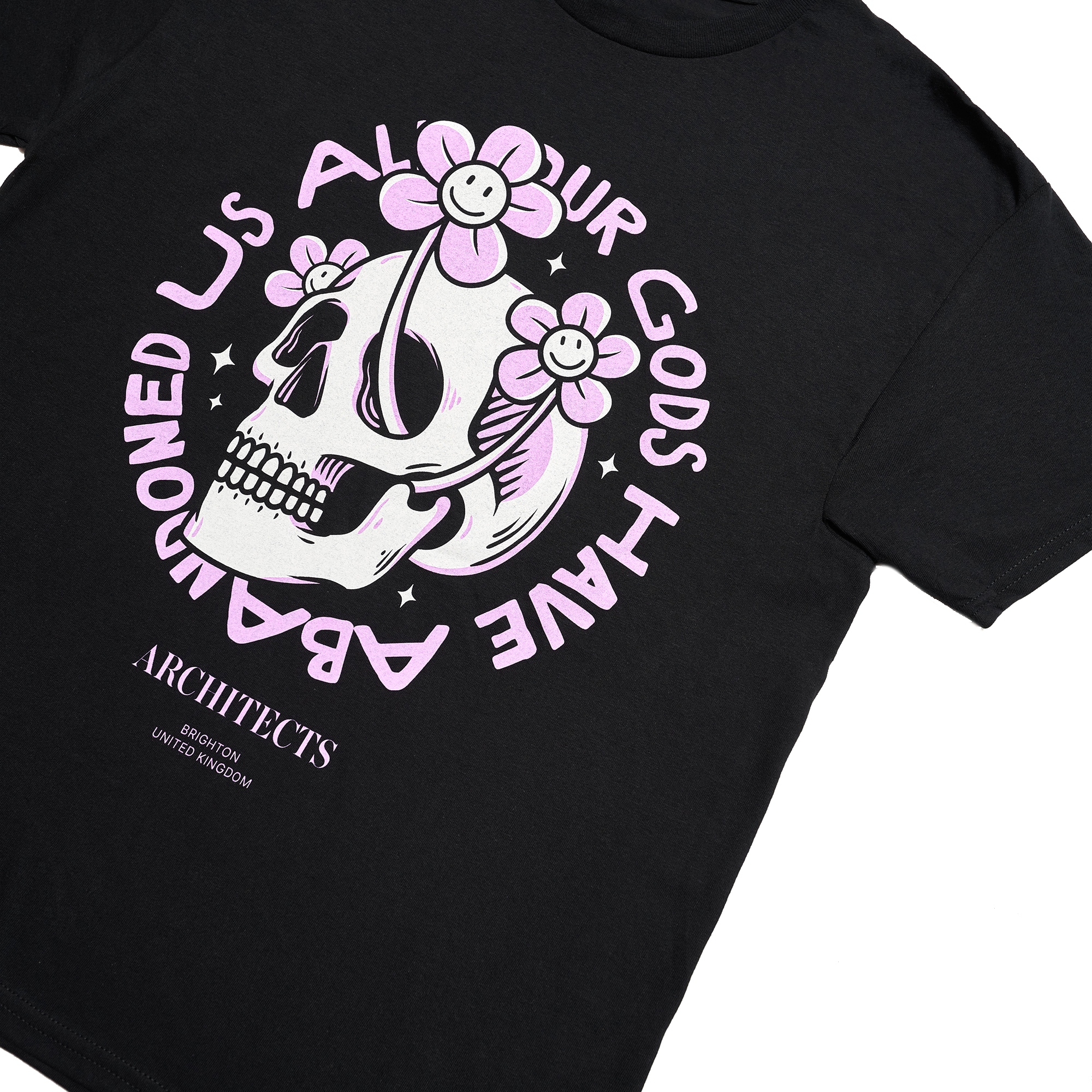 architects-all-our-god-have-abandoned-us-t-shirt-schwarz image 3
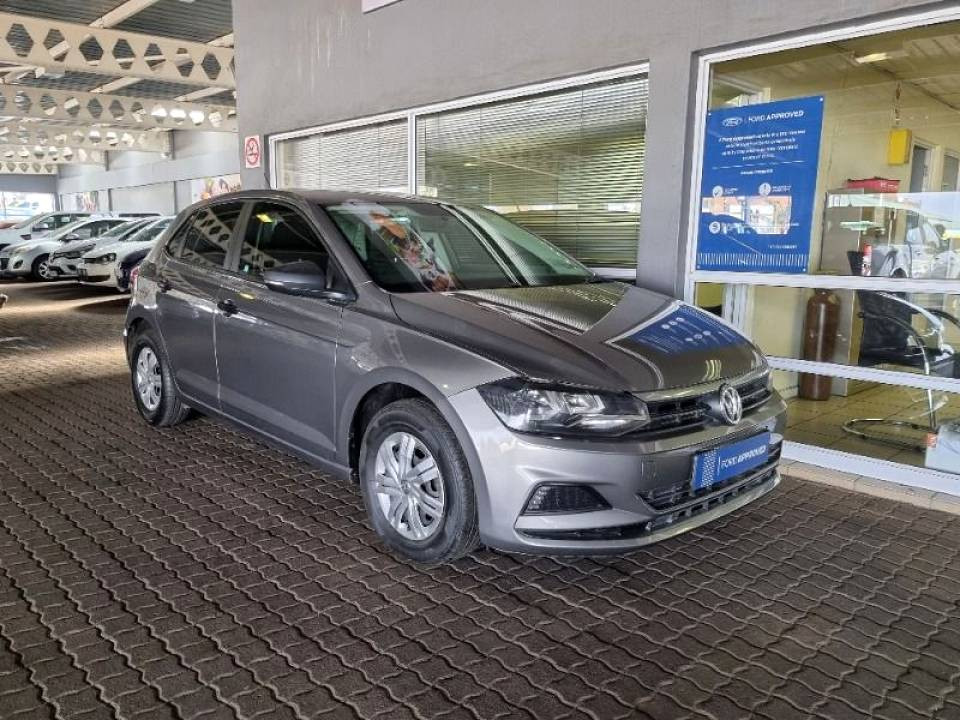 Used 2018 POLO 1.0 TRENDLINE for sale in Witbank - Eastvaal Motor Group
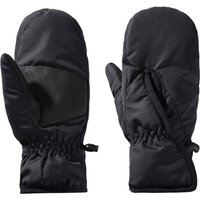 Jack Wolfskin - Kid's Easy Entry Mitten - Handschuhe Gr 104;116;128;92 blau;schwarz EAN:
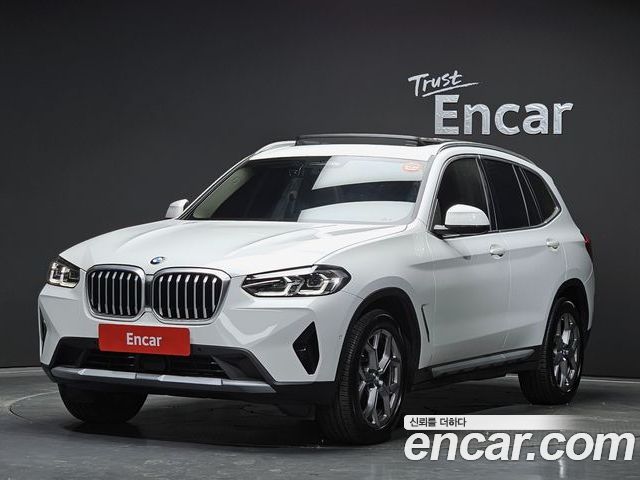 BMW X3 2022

* * *

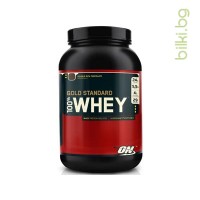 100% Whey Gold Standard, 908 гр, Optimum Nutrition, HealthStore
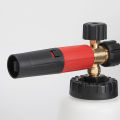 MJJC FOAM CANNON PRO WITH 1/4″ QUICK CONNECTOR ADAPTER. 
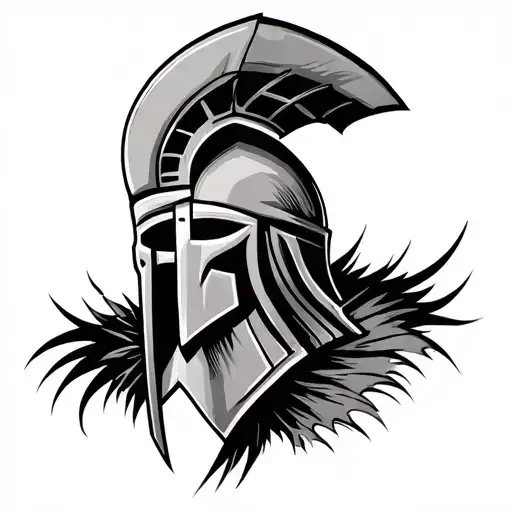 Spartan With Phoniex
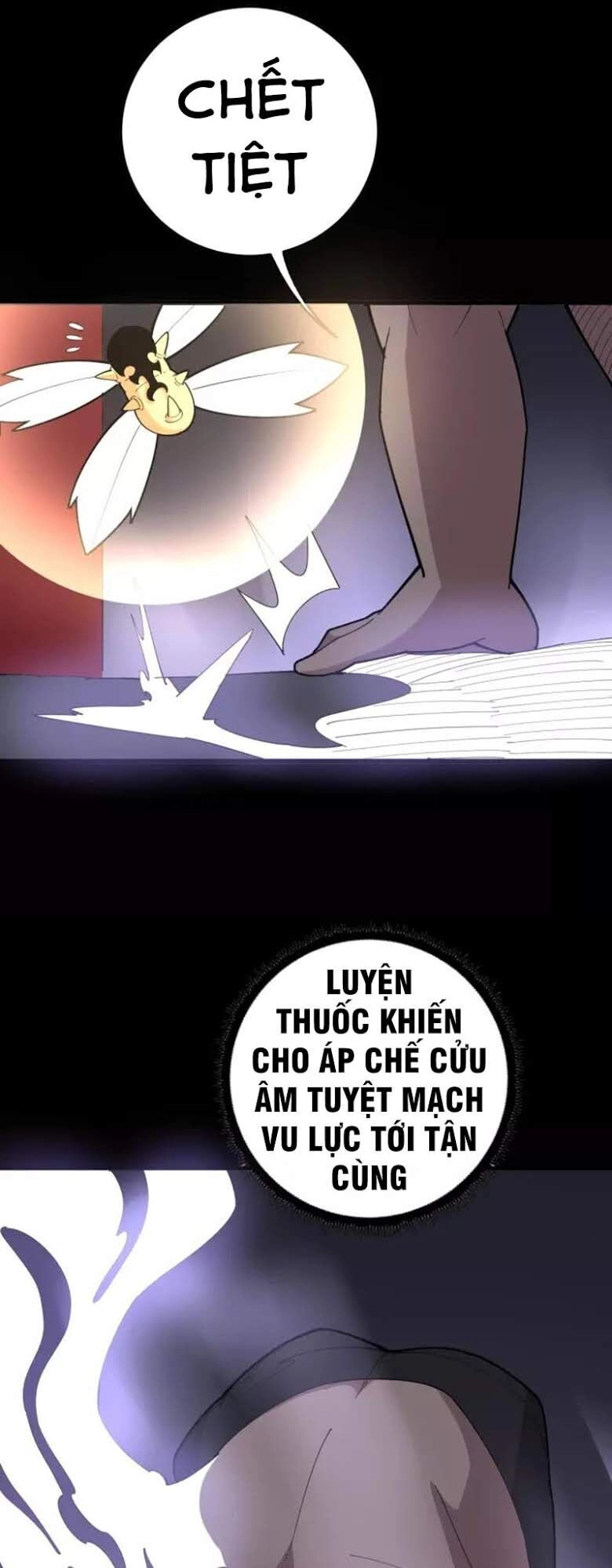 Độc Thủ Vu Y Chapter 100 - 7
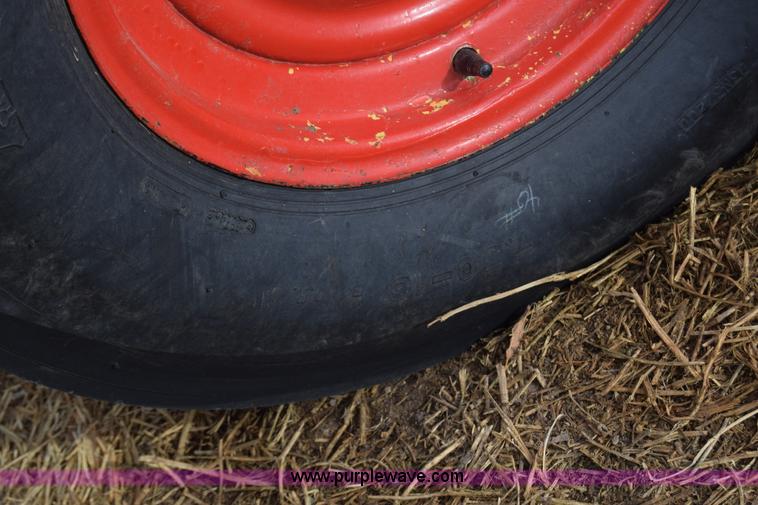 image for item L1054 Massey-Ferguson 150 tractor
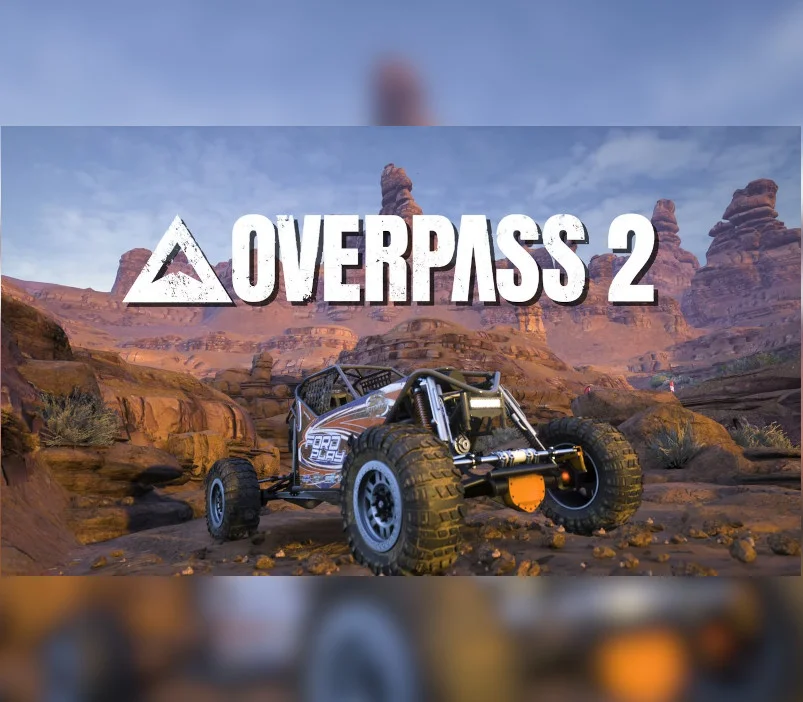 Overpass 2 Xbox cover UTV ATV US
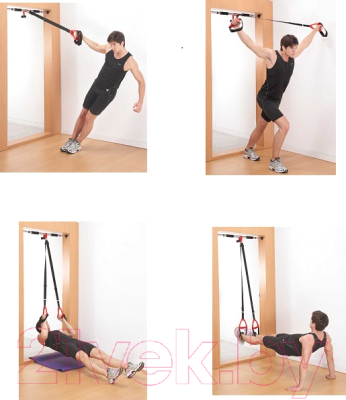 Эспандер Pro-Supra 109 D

--- Assigned task ---
What you write out is the stretch of entries from the line containing "architects-all-our-god-have-abandoned-us-t-shirt-schwarz image 3" to the line containing "BMW X3 2022", word for word, with both end lines and no pictures.

--- Answer to the exercise ---
 architects-all-our-god-have-abandoned-us-t-shirt-schwarz image 3
 Used 2018 POLO 1.0 TRENDLINE for sale in Witbank - Eastvaal Motor Group
 Jack Wolfskin - Kid's Easy Entry Mitten - Handschuhe Gr 104;116;128;92 blau;schwarz EAN:
 BMW X3 2022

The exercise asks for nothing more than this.